In the female, the sterigma surrounding the ostium bursae that projects ventrally and posteriorly into a free lamella and the simultaneous presence of a post-ostial midventral sclerotization from intersegmental membrane A7–A8 to sternum A8, so that technically the new species shows two “lamellae postvaginales”, is also unusual but reviewing details of this area in the specialised literature is difficult because of the practice of not removing sternum A7 (lodix) during preparation of the female genitalia.

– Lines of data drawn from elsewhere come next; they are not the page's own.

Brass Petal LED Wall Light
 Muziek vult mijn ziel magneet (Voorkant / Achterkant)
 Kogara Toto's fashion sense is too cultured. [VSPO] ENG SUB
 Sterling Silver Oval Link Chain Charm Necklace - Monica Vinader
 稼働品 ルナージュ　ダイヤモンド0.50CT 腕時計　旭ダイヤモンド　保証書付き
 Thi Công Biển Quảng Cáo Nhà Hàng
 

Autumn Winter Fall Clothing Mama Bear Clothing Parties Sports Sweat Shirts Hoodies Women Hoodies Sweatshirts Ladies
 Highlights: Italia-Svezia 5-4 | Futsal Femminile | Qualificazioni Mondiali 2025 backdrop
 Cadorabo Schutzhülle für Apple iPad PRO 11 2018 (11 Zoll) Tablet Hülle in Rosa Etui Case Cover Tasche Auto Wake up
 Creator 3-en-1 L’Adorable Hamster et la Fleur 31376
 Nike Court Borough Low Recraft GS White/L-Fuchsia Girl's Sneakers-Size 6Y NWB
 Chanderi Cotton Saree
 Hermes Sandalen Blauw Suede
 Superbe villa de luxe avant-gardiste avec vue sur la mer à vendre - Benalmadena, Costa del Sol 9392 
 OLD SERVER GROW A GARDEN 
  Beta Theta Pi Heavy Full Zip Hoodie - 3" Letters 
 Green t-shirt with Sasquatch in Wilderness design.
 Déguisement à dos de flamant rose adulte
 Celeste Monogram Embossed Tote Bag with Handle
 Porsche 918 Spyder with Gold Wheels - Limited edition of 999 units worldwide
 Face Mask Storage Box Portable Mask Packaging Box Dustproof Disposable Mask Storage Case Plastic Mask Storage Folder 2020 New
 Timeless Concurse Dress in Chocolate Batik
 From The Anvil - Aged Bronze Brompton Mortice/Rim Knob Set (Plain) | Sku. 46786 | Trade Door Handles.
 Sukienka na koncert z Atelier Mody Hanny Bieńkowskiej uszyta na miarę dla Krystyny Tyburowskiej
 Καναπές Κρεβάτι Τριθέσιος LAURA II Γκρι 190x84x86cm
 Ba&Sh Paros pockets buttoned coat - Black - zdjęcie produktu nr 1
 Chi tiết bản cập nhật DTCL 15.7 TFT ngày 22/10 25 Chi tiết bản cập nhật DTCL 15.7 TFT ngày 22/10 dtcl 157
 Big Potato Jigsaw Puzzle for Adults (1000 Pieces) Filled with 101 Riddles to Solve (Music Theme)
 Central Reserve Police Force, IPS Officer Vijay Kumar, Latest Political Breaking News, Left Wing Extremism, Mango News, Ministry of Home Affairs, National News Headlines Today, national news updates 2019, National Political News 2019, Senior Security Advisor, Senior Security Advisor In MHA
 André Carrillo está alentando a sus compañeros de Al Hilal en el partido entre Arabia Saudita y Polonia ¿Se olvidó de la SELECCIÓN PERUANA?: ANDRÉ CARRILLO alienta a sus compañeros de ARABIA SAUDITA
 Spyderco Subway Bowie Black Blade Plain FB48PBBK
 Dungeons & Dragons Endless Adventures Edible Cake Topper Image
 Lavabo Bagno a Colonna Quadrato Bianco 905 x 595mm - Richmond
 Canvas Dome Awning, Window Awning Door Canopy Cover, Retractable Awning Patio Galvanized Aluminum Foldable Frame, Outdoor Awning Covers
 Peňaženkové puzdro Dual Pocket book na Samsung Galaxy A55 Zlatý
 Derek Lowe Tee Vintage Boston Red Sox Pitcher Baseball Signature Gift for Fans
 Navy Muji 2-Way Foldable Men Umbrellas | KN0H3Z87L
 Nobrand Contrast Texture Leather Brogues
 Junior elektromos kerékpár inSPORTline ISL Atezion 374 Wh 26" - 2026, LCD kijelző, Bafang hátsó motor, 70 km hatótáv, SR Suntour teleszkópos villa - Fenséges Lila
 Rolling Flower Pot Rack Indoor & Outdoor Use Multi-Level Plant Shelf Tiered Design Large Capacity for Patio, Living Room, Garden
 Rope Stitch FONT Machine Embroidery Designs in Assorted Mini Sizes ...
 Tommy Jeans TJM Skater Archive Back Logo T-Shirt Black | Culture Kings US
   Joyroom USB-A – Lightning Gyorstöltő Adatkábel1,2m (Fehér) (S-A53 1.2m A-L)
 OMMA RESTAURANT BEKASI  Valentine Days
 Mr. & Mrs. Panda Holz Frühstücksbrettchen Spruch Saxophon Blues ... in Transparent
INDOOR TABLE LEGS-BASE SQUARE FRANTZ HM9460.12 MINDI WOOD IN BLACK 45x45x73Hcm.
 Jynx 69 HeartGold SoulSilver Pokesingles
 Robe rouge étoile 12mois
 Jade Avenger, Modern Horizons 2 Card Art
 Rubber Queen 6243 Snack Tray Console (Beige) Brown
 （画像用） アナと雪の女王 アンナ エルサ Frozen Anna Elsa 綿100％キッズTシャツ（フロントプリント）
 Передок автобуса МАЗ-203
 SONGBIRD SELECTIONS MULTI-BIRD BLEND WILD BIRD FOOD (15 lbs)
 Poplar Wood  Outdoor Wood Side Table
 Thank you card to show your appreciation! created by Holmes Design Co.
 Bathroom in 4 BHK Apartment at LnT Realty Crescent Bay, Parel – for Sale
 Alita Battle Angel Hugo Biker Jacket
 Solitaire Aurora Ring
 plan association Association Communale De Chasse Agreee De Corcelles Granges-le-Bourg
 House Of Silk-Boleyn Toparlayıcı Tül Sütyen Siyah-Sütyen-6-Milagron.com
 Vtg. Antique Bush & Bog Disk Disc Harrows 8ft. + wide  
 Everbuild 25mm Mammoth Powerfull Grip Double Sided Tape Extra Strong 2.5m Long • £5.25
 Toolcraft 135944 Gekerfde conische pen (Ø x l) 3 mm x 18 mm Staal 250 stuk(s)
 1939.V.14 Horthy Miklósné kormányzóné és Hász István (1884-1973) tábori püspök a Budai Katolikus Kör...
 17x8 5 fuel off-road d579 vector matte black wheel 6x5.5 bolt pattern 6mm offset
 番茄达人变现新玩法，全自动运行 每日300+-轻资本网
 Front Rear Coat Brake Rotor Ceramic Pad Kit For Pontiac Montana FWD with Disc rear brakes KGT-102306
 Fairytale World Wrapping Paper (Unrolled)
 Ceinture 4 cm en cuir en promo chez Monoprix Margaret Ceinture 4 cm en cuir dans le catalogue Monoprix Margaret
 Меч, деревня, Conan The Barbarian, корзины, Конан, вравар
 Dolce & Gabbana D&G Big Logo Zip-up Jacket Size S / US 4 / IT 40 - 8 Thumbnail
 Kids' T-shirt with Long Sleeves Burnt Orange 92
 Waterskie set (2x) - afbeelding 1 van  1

Regarding the remarkable variation in wing venation shown by Tabwecala, little can be said other than confirming that topology of veins should be always carefully checked on more specimens. Venational patterns were very much used in the past for systematic purposes, but their value has greatly been downscaled (Kristensen 2003), also in the light of remarkable intraspecific variability. This was long known to be common in the more basal lepidopteran lineages but is has also been shown to occur in the most derived families (Alberti 1954; Sotavalta 1964; Albrechts and Kaila 1997; Nath and Sevi 2009), venational patterns being subject during morphogenesis to many regulatory mechanisms that can modulate expression (cf. Shimmi et al. 2014). Nonetheless, topology of wing venation still remains much employed in systematics (e.g., Souza Moraes et al. 2021).